▶ _Exercise directions_:
Beginning with the line that includes "New 2026 Chevrolet" and ending with the last line, print the records exactly, leaving every picture out.

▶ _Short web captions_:
◇ ◇ ◇ ◇ ◇ ◇ ◇

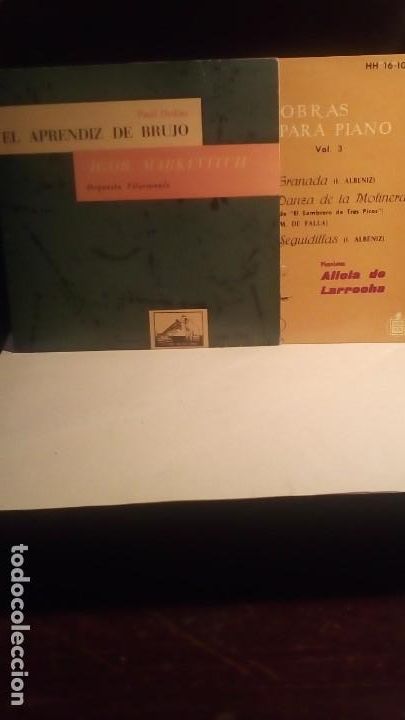 Discos de vinilo: 20 SINGLES - CLASICOS - 50s - 60s . - Foto 7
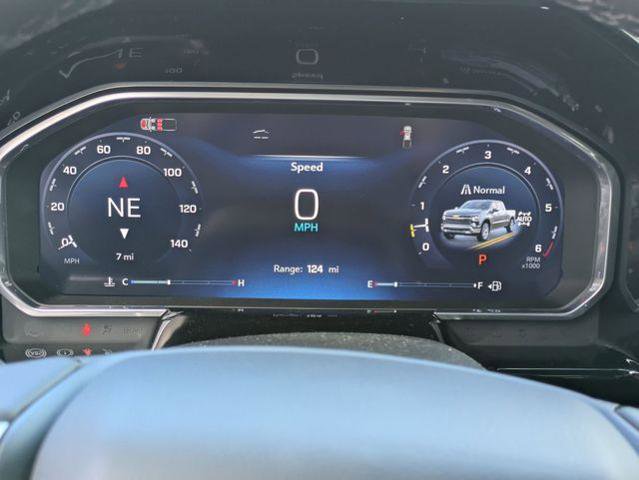 New 2026 Chevrolet Silverado 1500 RST w/ RST All Star Premium Package AWD/4WD image 16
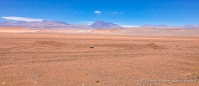 durch die Atacama-Wüste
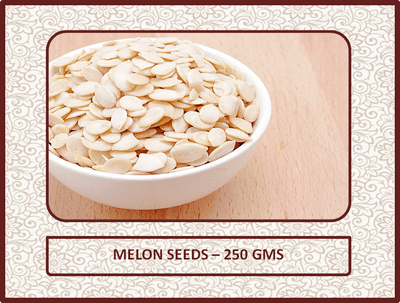 Melon Seeds (250 Gms)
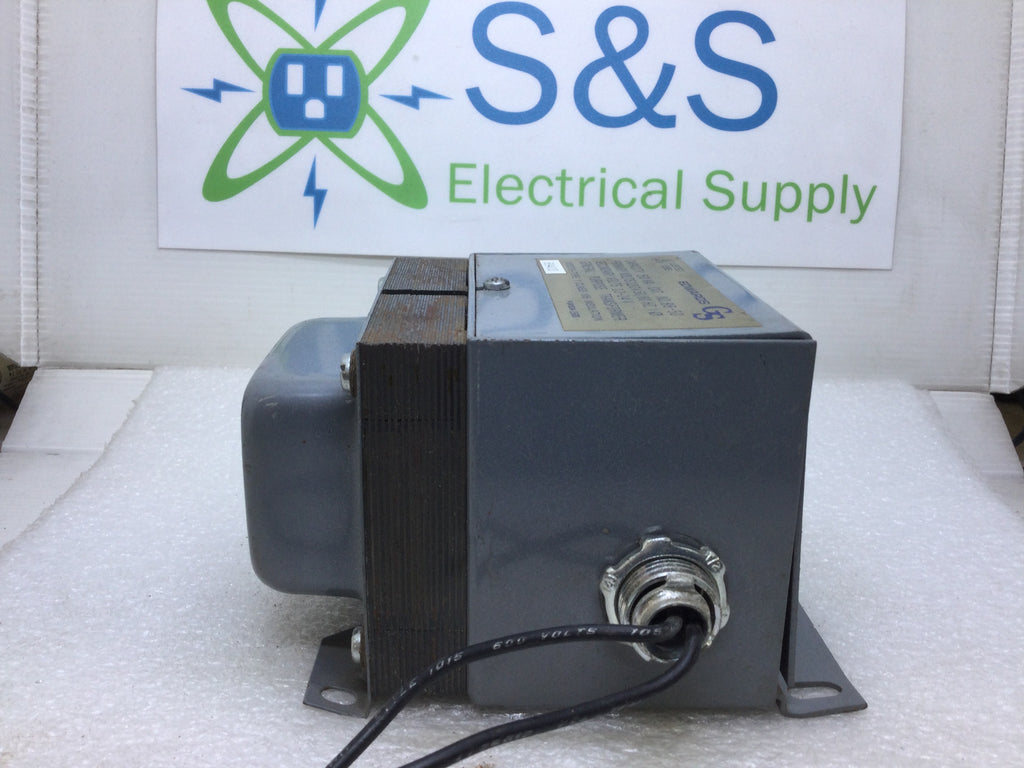 Edwards 88-50 General Purpose Transformer 120V 50/60Hz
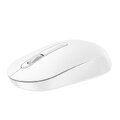 HOCO mysz komputerowa bezprzewodowa 2,4G 1200 dpi GM14 biała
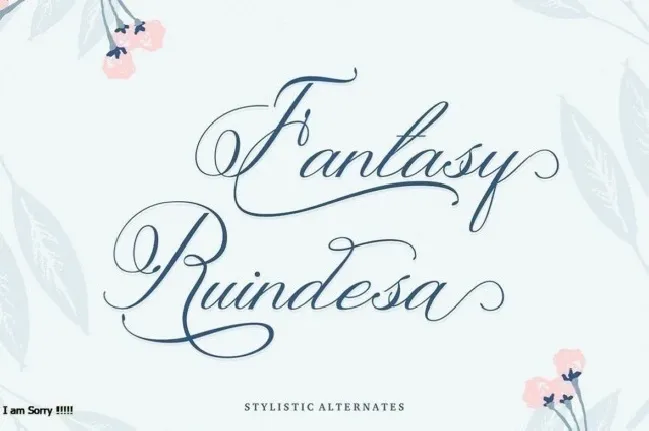 Adediala font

◇ ◇ ◇ ◇ ◇ ◇ ◇

▶ _Reply_:
 New 2026 Chevrolet Silverado 1500 RST w/ RST All Star Premium Package AWD/4WD image 16
 durch die Atacama-Wüste
 Melon Seeds (250 Gms)
 Edwards 88-50 General Purpose Transformer 120V 50/60Hz
 HOCO mysz komputerowa bezprzewodowa 2,4G 1200 dpi GM14 biała
 Adediala font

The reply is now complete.